Adjudicação compulsória extrajudicial – Que problema ela pode resolver?
Com o objetivo de simplificar e modernizar os procedimentos relativos aos registros públicos de atos e negócios jurídicos, e de incorporações imobiliárias, recentemente foi aprovada a Lei 14.382/2022.
Dentre os seus diversos artigos, um deles se propõe a resolver um problema, comumente enfrentado nos casos em que a compra e venda de um imóvel foi formalizada por intermédio de uma promessa (contrato particular) ou cessão de direitos. Normalmente, isso ocorre nos contratos de longa duração, cujo valor do imóvel é parcelado e o pagamento é realizado diretamente ao vendedor, que por sua vez, condiciona a transferência da propriedade mediante escritura pública, quando da quitação total do preço.
Seja por falta de conhecimento, perda de contato ou falta de recursos financeiros do comprador para arcar com os encargos para a assinatura da escritura pública, fato é que a situação acaba não sendo regularizada. Assim, tendo o comprador cumprido a sua parte, embora o negócio esteja perfectibilizado, ele não está espelhado na matrícula do imóvel, pois nela consta somente o registro do antigo proprietário.
Além da falta de segurança jurídica, pois em princípio todos os atos devem estar registrados na matrícula, essa situação gera vários problemas para ambas as partes contratantes. O vendedor que não mais detém a propriedade, pode vir a responder por débitos de condomínio ou tributários do imóvel (IPTU), por sua vez, o comprador pode ter que enfrentar problemas relativos à penhora do bem em razão de dívidas do vendedor.
Em que pese saberem as partes que o contrato foi cumprido, sendo, em princípio, mútuo o interesse em realizar o respectivo registro na matrícula, quando não se conseguia pela via consensual, a judicialização, com toda a burocracia e seus custos, era o único caminho.
Assim, a inserção do art. 216-B, na Lei 6.015/73 pela Lei 14382/2022, promete simplificar esse procedimento, permitindo que a regularização com a transferência da propriedade junto à matrícula do imóvel seja resolvida extrajudicialmente, diretamente pelo cartório de registro de imóveis.
O requerimento precisa ser formulado por intermédio de advogado, tanto pelo promitente vendedor quanto pelo promitente comprador, devendo ser instruído com os seguintes documentos: i) promessa de compra e venda ou de cessão ou de sucessão, quando for o caso; ii) prova do inadimplemento, caracterizado pela não celebração do título de transmissão da propriedade plena no prazo de 15 (quinze) dias, contado da entrega de notificação extrajudicial pelo oficial do registro de imóveis da situação do imóvel, que poderá delegar a diligência ao oficial do registro de títulos e documentos; iii) certidões dos distribuidores forenses da comarca da situação do imóvel e do domicílio do requerente que demonstrem a inexistência de litígio envolvendo o contrato de promessa de compra e venda do imóvel objeto da adjudicação; iv) comprovante de pagamento do respectivo Imposto sobre a Transmissão de Bens Imóveis (ITBI); e v) procuração com poderes específicos.

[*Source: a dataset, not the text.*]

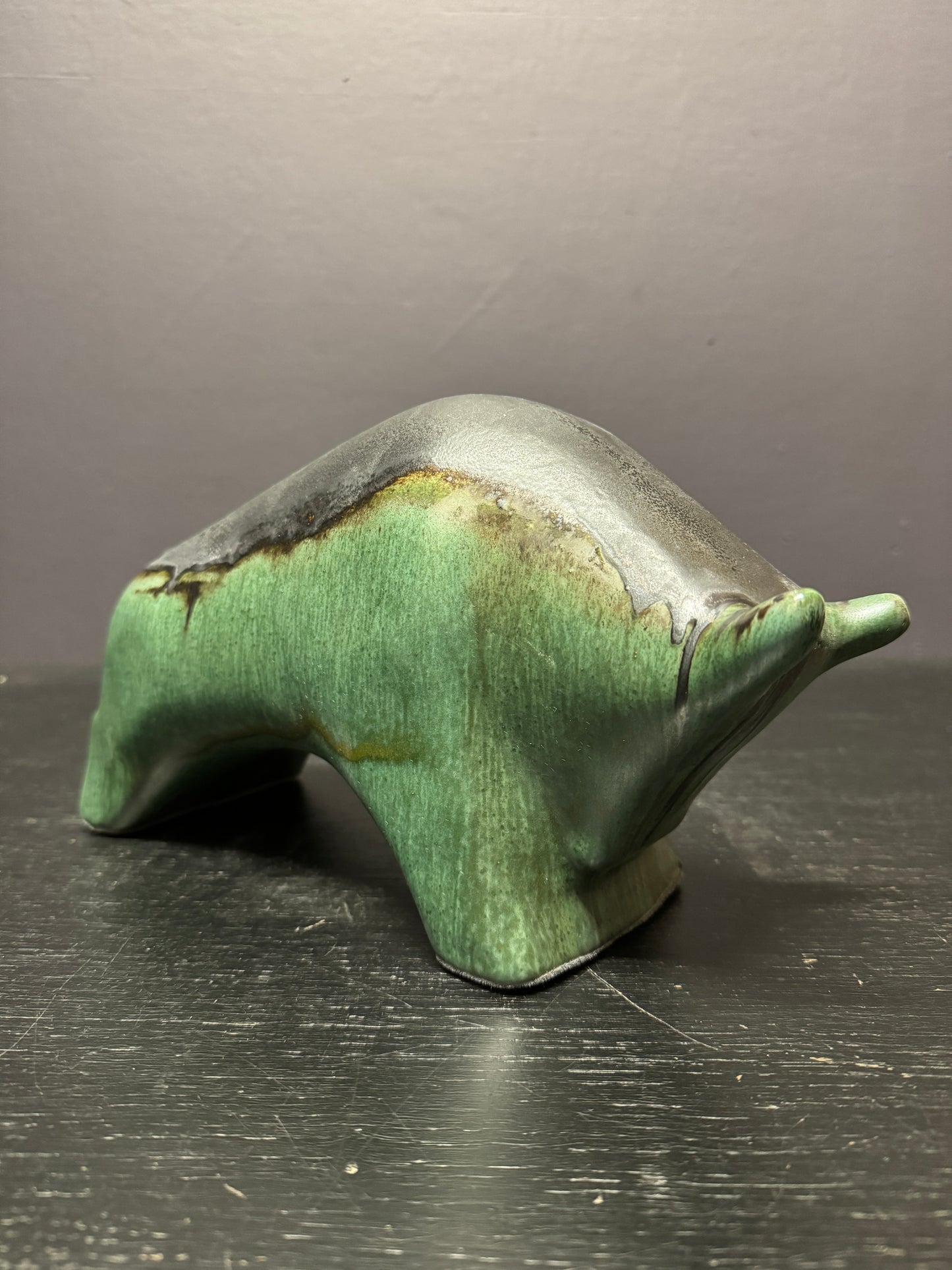 Otto Keramik Ceramic Bull West German Pottery Fat Lava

Uma vez apresentados os documentos, dispõe a Lei que o oficial do registro de imóveis da circunscrição onde se situa o imóvel procederá ao registro do domínio em nome do promitente comprador, servindo de título a respectiva promessa de compra e venda ou de cessão ou o instrumento que comprove a sucessão.

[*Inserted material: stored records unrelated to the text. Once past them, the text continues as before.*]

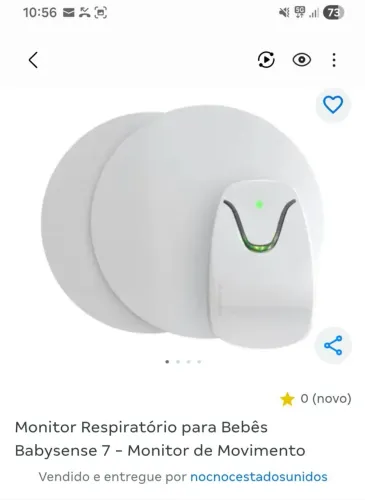 Monitor Respiratório bebê.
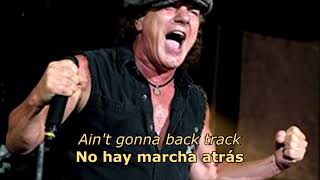 Badlands (Español/Inglés) - AC/DC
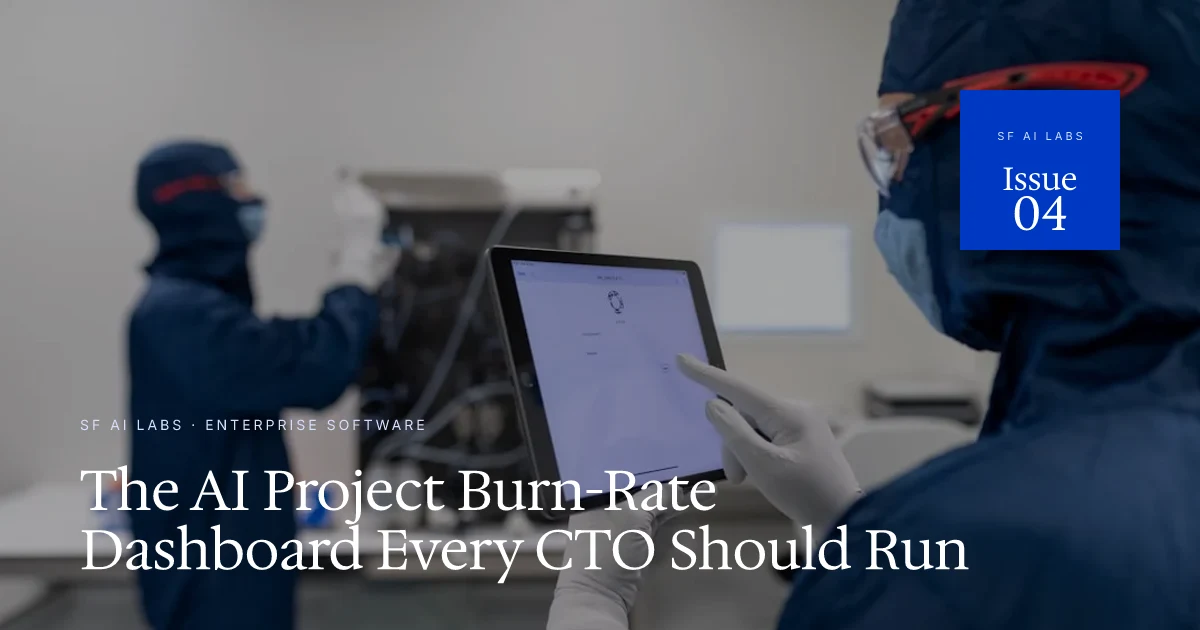 The AI Project Burn-Rate Dashboard Every CTO Should Run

No entanto, de plano, surgem algumas dúvidas quanto ao procedimento. E se enviada a notificação que visa comprovar o inadimplemento da outra parte, ela não for encontrada, será subentendido que houve a recusa? Nesta hipótese, será necessário o esgotamento de todas as tentativas de localização, e se isso não ocorrer, ela terá de ser via edital? E a questão da CND Federal do vendedor, atualmente exigida para a lavratura de escritura pública, será dispensada?
Apesar da certeza dos benefícios advindos da possibilidade da adjudicação compulsória pela via extrajudicial, a interpretação da forma como ela se dará ainda terão de ser esclarecidos, por isso, é importante que essa seja a exceção, e que a regra seja a assinatura da competente escritura pública tão logo haja a quitação do preço, nos casos em que esta for a condição para a transferência da propriedade.